The newspaper is printed on sheets of paper that contain two spreads of two pages each, one on the front and one on the back, for a total of four pages per sheet.
Each sheet can be printed in color or black and white. At our typical publication size of 28 or 32 pages each week, we tend to print the two outermost sheets and the two innermost sheets in color, the rest in black and white. This can change based on page count and what’s in the paper.
For a given issue size, when we send them our pages to be printed we need to tell the printer which sheets to print in color, communicated as a list of page numbers. So, for a 32 page paper, we ask them to print pages 1, 2, 3, 4, 13, 14, 15, 16, 17, 18, 19, 20, 29, 30, 31 and 32 in color.
The indication of which pages should be color has to be reflected in a few other places, e.g. in our issue planning database where we organize what story or ad is going to be on a given page, or encoded in the way we name the PDF files we send the printer, appending a _COLOR
indicator in the right place when needed.
So all that’s to say that getting the list of color pages for a given page count is a weekly bit of math we have to do in several places, and the answer is important.
I suspect there are some publishers or newspaper people out there who have internalized that math and can quickly give the answer without thinking. I cannot, at least not yet.
I recently wrote a PHP + Laravel function that calculates this for me, and it’s a part of a larger toolset we are using to plan, manage and produce our print issues.

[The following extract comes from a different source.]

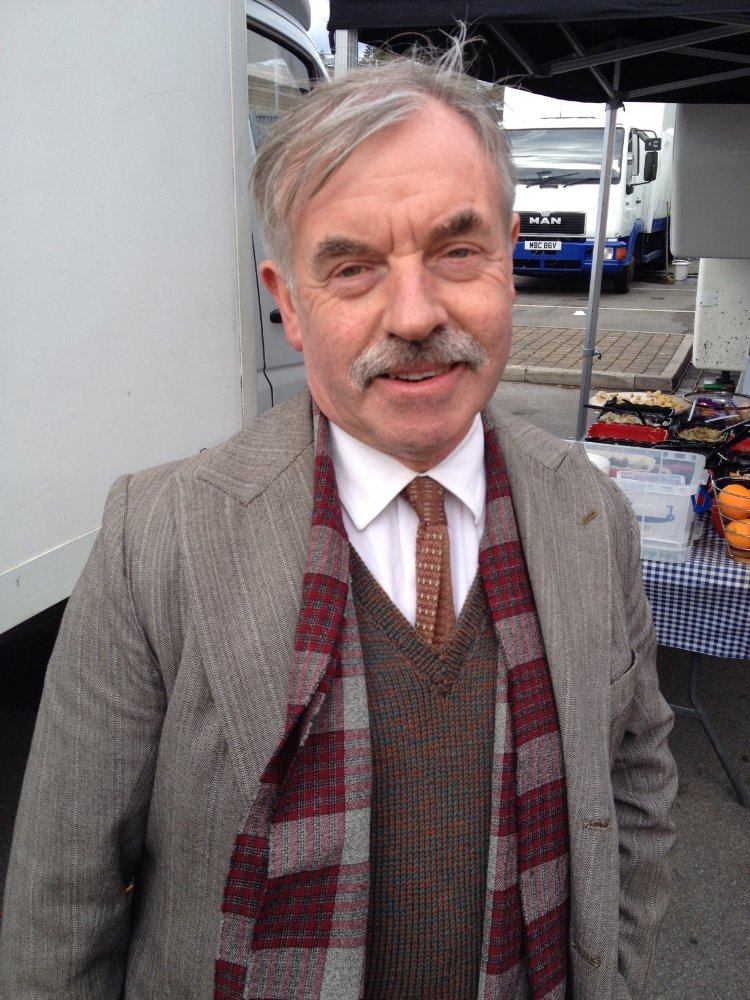 John Neville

Here’s the code, simplified a bit by removing some validation checks:
public function getColorPageNumbersForPageCount(int $pageCount): array
{
$pagesPerSheet = 4;
// First two outer sheets of every issue are color
$outerSheetsColor = 2;
// For every 12 pages of issue length, add 2 inner sheets of color
$innerSheetsColor = floor($pageCount / 12);
$sheets = [];
// Divide the total pages by 2 and then pair the pages to a sheet, 4 at a time
for ($i = 1; $i <= ($pageCount / 2); $i += 2) {
$sheets[] = [
'type' => 'bw',
'pages' => [
$i,
$i+1,
($pageCount + 1) - $i - 1,
($pageCount + 1) - $i,
],
];
}
$sheetCount = count($sheets);
$colorKeys = [];
// Build out which inner and outer sheets have color
for ($i = 0; $i < $outerSheetsColor; $i++) {
$colorKeys[] = $i;
}
for ($i = 0; $i < $innerSheetsColor; $i++) {
$colorKeys[] = $sheetCount - 1 - $i;
}
foreach ($colorKeys as $sheetKey) {
$sheets[$sheetKey]['type'] = 'color';
}
$sheets = collect($sheets);
// Return an array of color pages in order
return $sheets->where('type', '=', 'color')
->pluck('pages')
->flatten()
->sort()
->flatten()
->toArray();
}
There are probably ways to simplify it further. But for now I can run:
getColorPageNumbersForPageCount(28);
and get back an array:
[ 1, 2, 3, 4, 13, 14, 15, 16, 17, 18, 19, 20, 29, 30, 31, 32 ]
which is then used in a variety of places. And thusly, a few brain cells are freed up for working on other things.